A dificuldade de encontrar magistrados nas comarcas todos os dias da semana é
uma reclamação antiga da Ordem dos Advogados do Brasil. “A Polícia trabalha 24
horas por dia, e pode prender alguém indevidamente no fim de semana. Se o juiz
não estiver acessível na comarca, o pedido de Habeas Corpus não será apreciado”,
exemplifica o presidente da OAB, Ophir Cavalcante Júnior, que
estará presente no lançamento da campanha nesta quarta, em João Pessoa.
Francisco Falcão concorda. “Trabalhar de casa hoje é moderno, mas é preciso
atender às partes, o que não é possível fazer dessa forma.”
Ophir acrescenta ainda que a ausência do juiz, por atrasar o julgamento dos
processos, viola o princípio constitucional da razoável duração do processo.
“Assim como o padre, o delegado e o médico da cidade do interior são
referências, o cidadão precisa saber quem é o juiz do local onde vive”, diz.
“Fora do local, o juiz deixa de conhecer a realidade da comarca e perde
sensibilidade social.”
No entanto, para o presidente da Associação dos Magistrados Brasileiros,
desembargador Henrique Nelson Calandra, trabalhar em casa pode
ser mais produtivo que no fórum. "Há mais tranquilidade para refletir sobre os
processos e decidir", afirma. Segundo ele, as corregedorias dos tribunais estão
conectadas, via internet, com os computadores dos juízes, de forma que é
possível saber se ele está ou não trabalhando. "Cada juiz tem uma meta de
audiências e decisões. Se ele não cumpre, é chamado a se explicar."
Sobre o estado onde a campanha do CNJ começará, ele explica que o Judiciário
local sofre com a falta de reposição de cargos vagos de juízes há mais de dez
anos. "Muitos têm de estar simultaneamente em três ou quatro comarcas e, por
isso, não conseguem estar presentes o tempo todo em todas."

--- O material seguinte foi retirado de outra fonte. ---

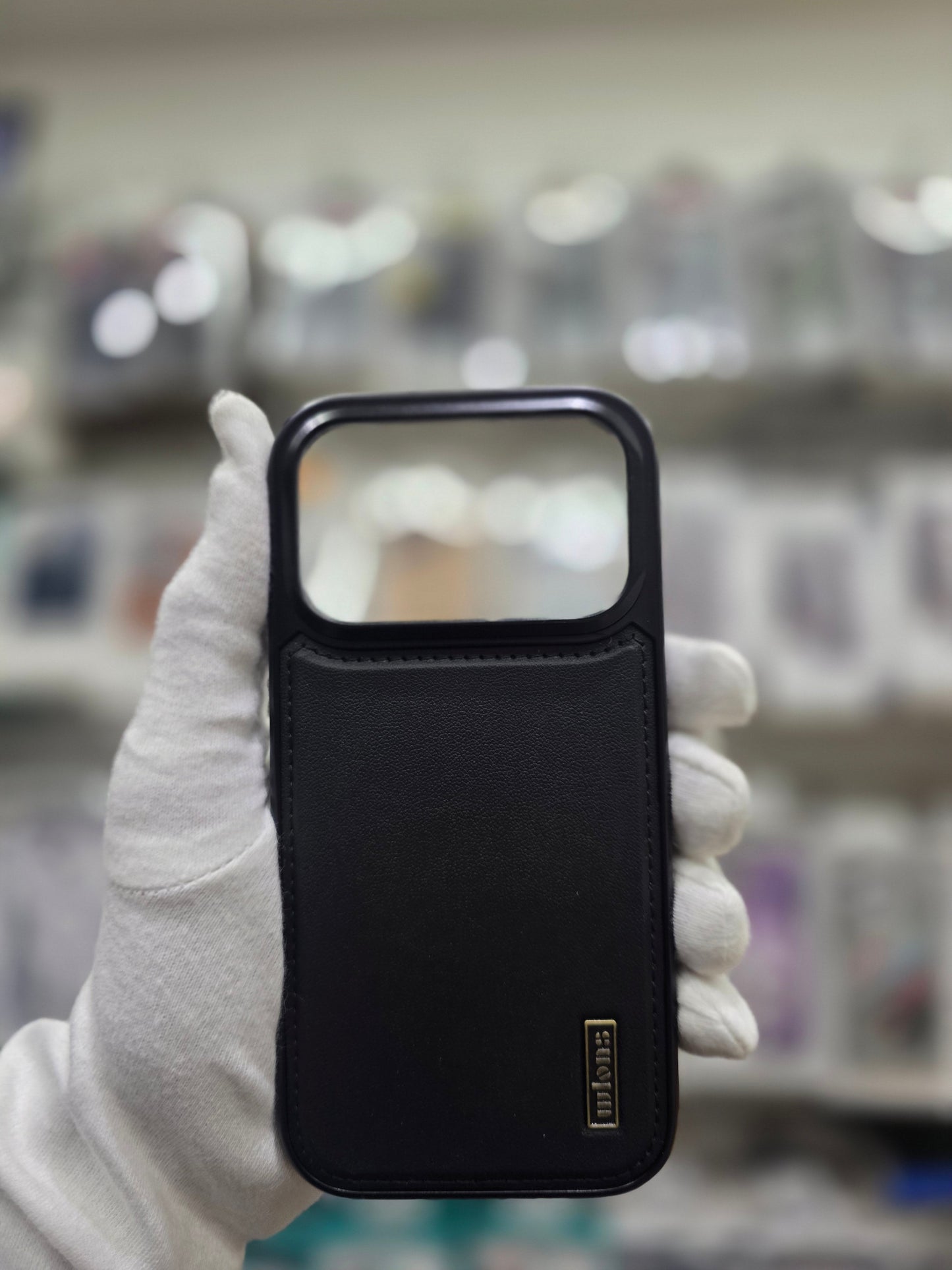 Wlons Classic Leather Magsafe With Bracket & AI Sensor - iPhone 17 Pro Max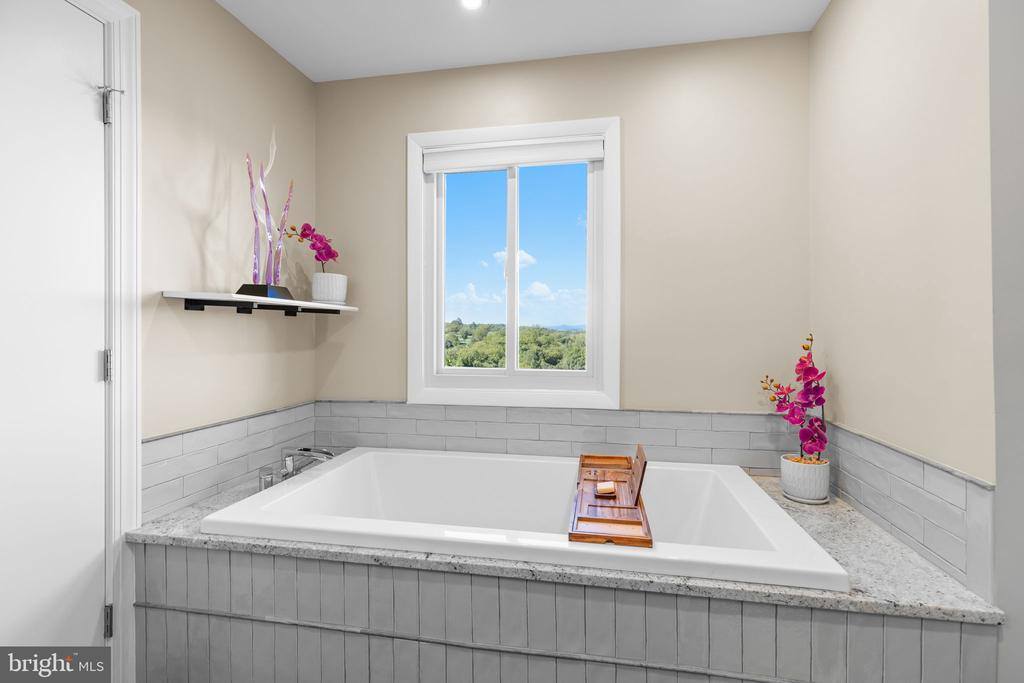 8525 Meadows Road, Warrenton, VA 20186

Segundo Renato Henry Sant'Anna, presidente da Associação
Nacional dos Magistrados da Justiça do Trabalho (Anamatra), a maior parte do
trabalho do juiz é feita solitariamente, o que independe de ele estar ou não na
Vara. "Apenas 30% do trabalho do juiz precisa ser feito no fórum. O resto são
despachos, que ele pode fazer de casa", diz.
"Há ambientes de trabalho mal equipados, o que leva o juiz a trabalhar de seu
próprio escritório, onde tem melhores instalações", afirma Sant'Anna. "O juiz
deve estar acessível à população, mas não em um pronto-socorro durante 24 horas
por dia."
Para o presidente da Anamatra, não é função do CNJ controlar o horário de
expediente dos juízes, o que as corregedorias locais podem fazer. "O juiz deve
ser cobrado quanto a seus resultados", diz.
O presidente da OAB do Rio de Janeiro, Wadih Damous, diz que
existe até um nome para os juízes que se ausentam muito das comarcas: TQQ. "Os
juízes TQQ, que só trabalham às terças, quartas e quintas-feira, são uma nódoa
no Poder Judiciário, pois têm que trabalhar todos os dias, como fazem os
trabalhadores em geral."
No Rio de Janeiro, segundo relatório apresentado esta semana pelo Conselho
Nacional de Justiça, a taxa de congestionamento de processos na primeira
instância é de quase 80%, lembra Damous.
Tomo conhecimento de um fato desse, e fico me perguntando: somente eu me revolto? Será que para um magistrado trabalhar pelo menos todos os dias da semana se faz necessária campanha de conscientização pelo CNJ?
Onde chegamos, o mais revoltante é ouvir o rol de queixas da magistratura, mesmo conhecendo as dificuldades que enfrentam, fica difícil os pleitos serem levados a sério ou mesmo contar com o apoio da sociedade quando o CNJ adota esse tipo de atitude, escancarando uma realidade que os que militam conhecem muito bem.